Some WAIS servers support stemming, which reduces every word in a query to its word stem. For example, stemming would treat computer, computing, and computers identically, with the stem comput.
It is important to understand that the rankings or scores that WAIS generates for documents are just approximations or guesses at what you really want. Technically, they may match on a certain number of words, but those words might be used in different contexts, so that the document with the highest score might not be useful at all. For example, searching on a question like Why is the sky blue? might bring poetry with those words in one stanza or information about the University of Michigan's Blue Skies Gopher project but nothing that answers the question. Basically, computers still can't think like a human being can. But using indexes is still better than going out and looking for each document.
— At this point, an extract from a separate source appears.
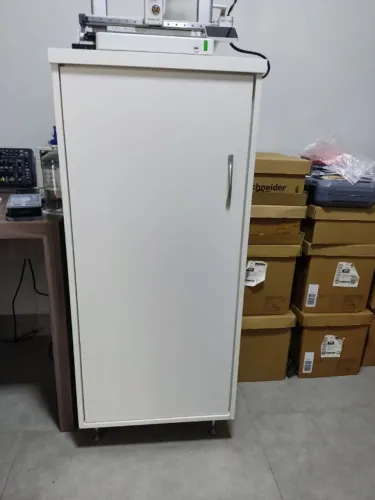 Armário branco multi uso resistente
To use a sports analogy, think of computer searching as getting you into the ballpark but not playing the game for you.
The key to WAIS is that by using a powerful search algorithm, it locates and orders documents that match your query, but it doesn't guarantee their utility to your needs.
Fielded searching gives you the ability to search for certain information, such as author or publisher or company. So if you are looking for information about publishing on the Internet, you would prefer to find the words publishing on the Internet in the title of a document instead of scattered throughout the text. When you use fielded searching, a document does not receive a high ranking because it has each of those words individually in its text but because it has those words in its title. Obviously, a better choice.
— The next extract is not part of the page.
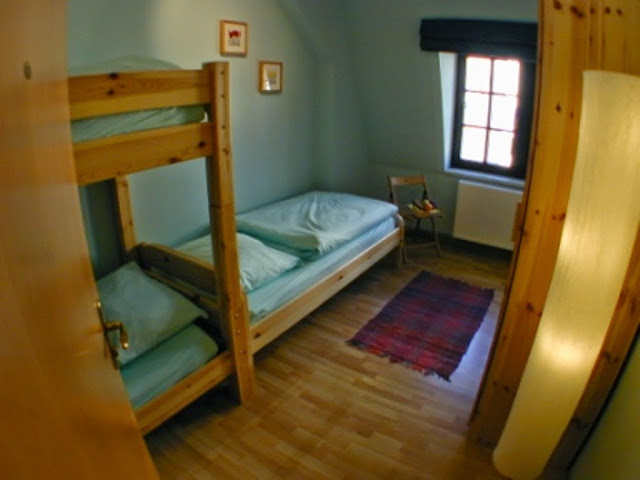 Hostel Louise 20 by null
The selection among WAIS servers is not nearly as ample as it is for Gopher and WWW.
Thinking Machines gave the original WAIS program to the public domain. It was supported for a while by the Clearinghouse for Networked Information Discovery and Retrieval (CNIDR) <http://cnidr.org/welcome.cnidr.html>. The CNIDR version (freeWAIS 0.3) has Boolean searching and stemming, and the source code is available for other programmers to modify, but it does not offer structured fields and has many bugs that haven't been fixed. CNIDR has switched its development efforts to ZDist, which is based directly on the newer Z39.50-1992 standard. FreeWAIS 0.3 is available at <ftp://ftp.cnidr.org/pub/NIDR.tools/freewais/>.
The sf in freeWais-sf stands for structured fields. FreeWAIS-sf is a UNIX-based WAIS server that builds on the freeWAIS code to provide the ability to search structured fields (including text, date, and numbers) as well as full text. This means that you can search traditional bibliographic citations, which include title, author, and publisher, by those fields. Such a search for James Bond in the title would turn up only those titles in which the words James Bond appears, not all articles or martini recipes that mention James Bond. Or you could restrict your search to only those items published after a particular date.
FreeWAIS-sf can be used as a plain WAIS server and is compatible with existing WAIS clients. In addition, it improves on freeWAIS by allowing the user to define document format and headline layout without having to be a C language programmer. It supports country-specific character sets (8-bit only), which means that server operators will have fewer problems indexing data, at least in European languages.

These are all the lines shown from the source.